Edition: Little, Brown & Co, 1999
Review number: 795
The question of the existence of extra-terrestrial life is one which has fascinated the human race since classical times. In recent years, various attempts have been made to estimate the likelihood that such life exists, prompted in some part by the popularity of science fiction. This sort of speculation begins with what is known as the Fermi paradox, which is basically that we should already know if there is intelligent life more advanced than we are because they should have contacted us already.
This way of looking at things actually suggests other questions, which are rather more interesting that whether life exists at all; it would be hard to get excited by a universe populated only by micro-organisms other than on our own planet. Basically, these other questions amount to speculation about what form putative extraterrestrial life might take - could there be advanced civilizations? How could we know? They actually lead back to close study of life on earth, to try to see how things could have developed differently.

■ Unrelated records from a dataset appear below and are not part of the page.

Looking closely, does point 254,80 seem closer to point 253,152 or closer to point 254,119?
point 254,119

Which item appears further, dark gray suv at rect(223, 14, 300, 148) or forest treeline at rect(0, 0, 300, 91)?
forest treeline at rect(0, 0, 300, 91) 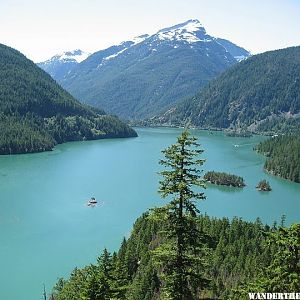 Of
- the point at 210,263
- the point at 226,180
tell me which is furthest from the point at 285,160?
the point at 210,263

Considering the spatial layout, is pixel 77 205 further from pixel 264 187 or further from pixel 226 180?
pixel 264 187

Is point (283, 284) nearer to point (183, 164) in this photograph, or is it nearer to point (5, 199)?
point (183, 164)

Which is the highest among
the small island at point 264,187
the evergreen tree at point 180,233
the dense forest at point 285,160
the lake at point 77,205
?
the evergreen tree at point 180,233

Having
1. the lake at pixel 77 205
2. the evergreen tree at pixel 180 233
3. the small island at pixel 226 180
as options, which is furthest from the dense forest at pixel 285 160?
the evergreen tree at pixel 180 233

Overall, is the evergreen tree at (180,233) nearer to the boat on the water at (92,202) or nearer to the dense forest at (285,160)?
the boat on the water at (92,202)

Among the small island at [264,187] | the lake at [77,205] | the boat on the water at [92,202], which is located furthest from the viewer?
the small island at [264,187]

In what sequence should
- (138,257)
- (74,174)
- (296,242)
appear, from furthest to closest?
A: (74,174), (138,257), (296,242)

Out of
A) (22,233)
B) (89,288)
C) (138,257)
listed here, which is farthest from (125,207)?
(89,288)

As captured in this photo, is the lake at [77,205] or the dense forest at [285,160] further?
the dense forest at [285,160]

There is an equation, the Drake equation, which predicts the likelihood of contact by an advanced alien race; this is put together by assigning probabilities and expected values to various events, most of which is guess work - the probable lifetime of a civilization, for example. Aczel's book, after a discussion of some of the issues raised in the previous paragraph, makes an estimate for the first few values in the equation, those which refer to the existence of life itself rather than levels of technology, and infers from this that the probability of life existing somewhere else in the universe is essentially indistinguishable from 1, certainty.

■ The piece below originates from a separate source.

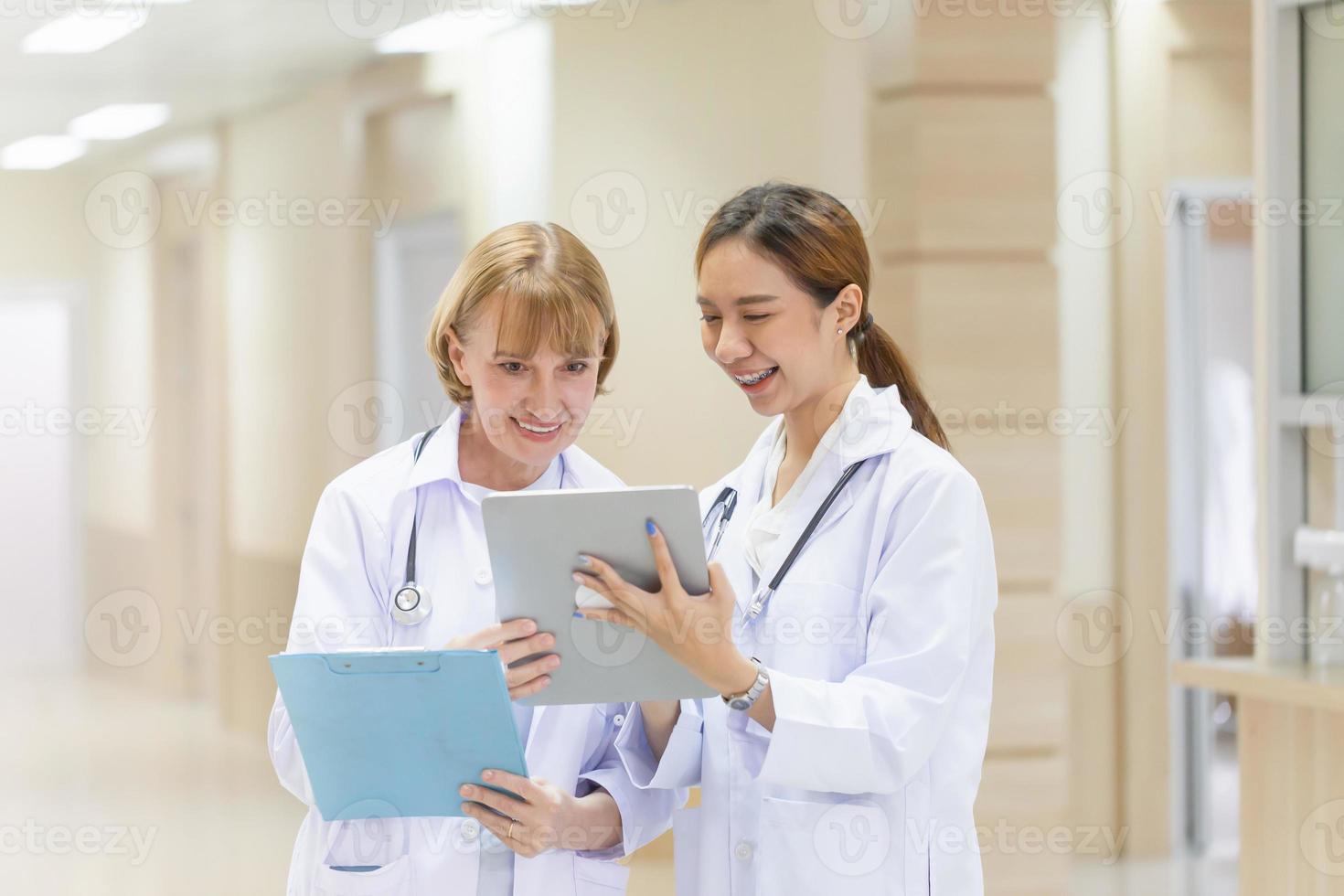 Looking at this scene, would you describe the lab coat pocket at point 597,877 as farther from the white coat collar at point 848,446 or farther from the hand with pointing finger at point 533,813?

This is done through some elementary probability theory, which essentially amounts to saying that the universe is so big that, no matter how unlikely, life must exist somewhere. This is saved for the end, but much more interesting is Aczel's explanation of why he thinks humanity might well be the most mature civilization in the universe (as a result of the inspection paradox, unfortunately not as clearly explained as most of the mathematics in the book).
The book as a whole is not as successful as Aczel's earlier explanation of Fermat's Last Theorem, at least as far as I am concerned. A lot of it is over-simplified - I ended up skipping a lot of the early part of the book. It picks up in the middle, when nuggets of interesting information start to be included, but unfortunately becomes less interesting again as it starts to concentrate on the existence of life in general rather than intelligent life.